Build a time-based key-value store
Company: Microsoft
Role: Software Engineer
Category: Coding & Algorithms
Difficulty: medium
Interview Round: Technical Screen
Quick Answer: This question evaluates understanding of time-versioned data structures and efficient temporal lookup within associative mappings, focusing on storing and retrieving multiple values per key across timestamps.
Constraints
- 0 <= len(ops) == len(keys) == len(values) == len(timestamps) <= 200000
- ops[i] is either "set" or "get"
- 1 <= timestamps[i] <= 10^9
- key and value are strings
- For any fixed key, timestamps for its set operations are strictly increasing
Examples
Input: (['set', 'get', 'get', 'set', 'get', 'get'], ['foo', 'foo', 'foo', 'foo', 'foo', 'foo'], ['bar', '', '', 'bar2', '', ''], [1, 1, 3, 4, 4, 5])
Expected Output: ['bar', 'bar', 'bar2', 'bar2']
Explanation: The key 'foo' has values 'bar' at time 1 and 'bar2' at time 4. Each get returns the most recent value at or before the requested timestamp.
Input: (['get', 'set', 'get', 'get'], ['a', 'a', 'a', 'b'], ['', 'x', '', ''], [1, 5, 4, 2])

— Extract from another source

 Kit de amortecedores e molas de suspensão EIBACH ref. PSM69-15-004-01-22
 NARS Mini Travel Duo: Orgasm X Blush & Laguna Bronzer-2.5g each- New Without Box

Expected Output: ['', '', '']
Explanation: The first get asks for a key that does not exist yet. After setting 'a' at time 5, querying at time 4 still returns an empty string because no timestamp <= 4 exists. Key 'b' was never set.
Input: (['set', 'set', 'set', 'get', 'get', 'get', 'get'], ['love', 'love', 'hate', 'love', 'love', 'hate', 'hate'], ['high', 'low', 'hot', '', '', '', ''], [10, 20, 5, 15, 25, 5, 4])
Expected Output: ['high', 'low', 'hot', '']
Explanation: This checks multiple keys. 'love' returns 'high' at time 15 and 'low' at time 25. 'hate' returns 'hot' at time 5 and empty at time 4.
Input: (['set', 'set', 'get', 'get', 'get'], ['k', 'k', 'k', 'k', 'k'], ['v1', 'v2', '', '', ''], [2, 8, 1, 2, 7])
Expected Output: ['', 'v1', 'v1']
Explanation: This checks boundary behavior around exact and in-between timestamps. Before time 2 there is no value, at time 2 the answer is 'v1', and at time 7 the most recent earlier value is still 'v1'.
Input: ([], [], [], [])
Expected Output: []
Explanation: With no operations, there are no get results to return.
Solution
def solution(ops, keys, values, timestamps):
store = {}
result = []
for op, key, value, ts in zip(ops, keys, values, timestamps):
if op == 'set':
if key not in store:
store[key] = [[], []] # timestamps list, values list
store[key][0].append(ts)
store[key][1].append(value)
else: # get
if key not in store:
result.append('')
continue
ts_list, val_list = store[key]
lo, hi = 0, len(ts_list)
while lo < hi:
mid = (lo + hi) // 2
if ts_list[mid] <= ts:
lo = mid + 1
else:
hi = mid
idx = lo - 1
if idx >= 0:
result.append(val_list[idx])
else:
result.append('')
return resultTime complexity: O(n + g log m), where n is the number of operations, g is the number of get operations, and m is the number of stored timestamps for a queried key. Space complexity: O(s), where s is the number of set operations stored.
Hints
- Store all timestamps and values for each key together so you can search only within that key's history.
- Because timestamps for each key are already sorted, use binary search to find the rightmost timestamp less than or equal to the query time.